Addressing the SDG Summit, held on the sidelines of the 78th UN General Assembly, Pakistan’s caretaker prime minister called for increased financing from wealthy nations to assist with worsening poverty, food insecurity and debt distress.
“At the forthcoming COP28, Pakistan will seek climate justice, which includes our developed partners providing $100 billion in climate finance,” said Anwar-ul-Haq Kakar.
Declaring the international system “morally bankrupt,” he added that Pakistan would “press for the creation” of special drawing rights directly linked to SDG targets rather than those offered via the International Monetary Fund.
The IMF created SDRs as a supplementary international reserve asset that can be held only by the fund’s members to be exchanged for currency when needed.
While these traditional SDRs are based on a basket of five currencies — the British pound, the Chinese renminbi, the euro, the Japanese yen and the US dollar — developing countries have been angling for them to be linked directly to attainment of SDG targets.

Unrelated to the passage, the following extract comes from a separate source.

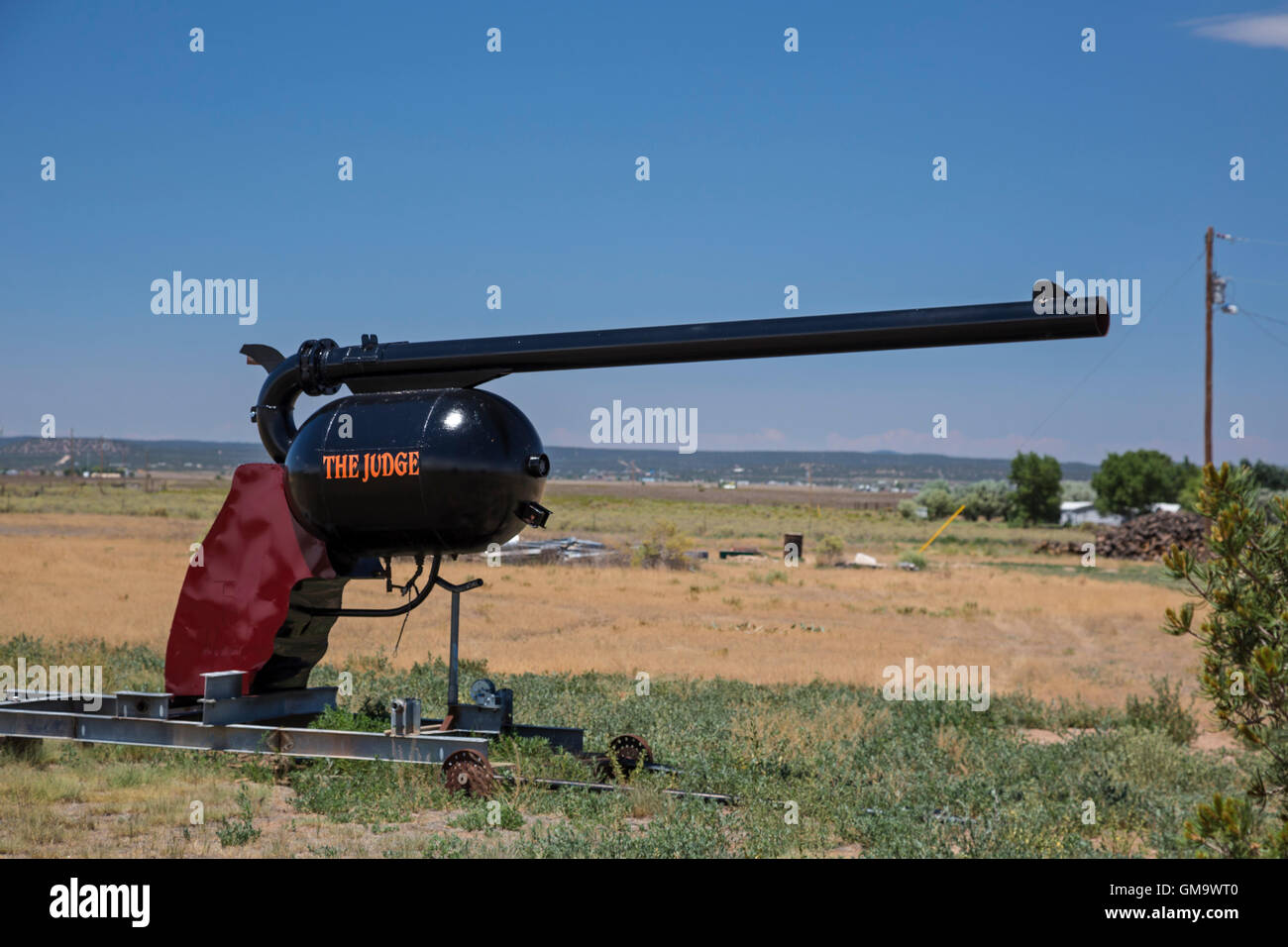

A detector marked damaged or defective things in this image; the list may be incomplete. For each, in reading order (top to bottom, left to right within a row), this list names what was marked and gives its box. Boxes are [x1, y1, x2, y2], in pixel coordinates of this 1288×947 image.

rusty metal part [438, 753, 493, 796]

Kakar was speaking in the wake of the SDG Summit submitting a political declaration to the UNGA that, if endorsed, would commit the international body to doubling down on efforts to reach the 17 SDGs, which include efforts to end hunger and poverty and address climate change.
Following Kakar on the stage, Iraqi Prime Minister Muhammad Shiaa Al-Sudani welcomed the summit’s adoption of the political declaration, stressing that achieving the SDGs is a “national mission and a humanitarian duty.”
Al-Sudani said: “Despite the multifaceted challenges facing Iraq, we’re committed to implementing the Sustainable Development Goals.”
He added: “It’s important to work hard with all partners to enhance progress in implementation, and the Iraqi national government’s program has been consistent.
“Iraq deals with all SDGs on one level, and as a result of the nature of the critical situation it’s going through, implementing the sixth goal related to water is a priority in light of the severe drought that Iraq is witnessing and its repercussions.”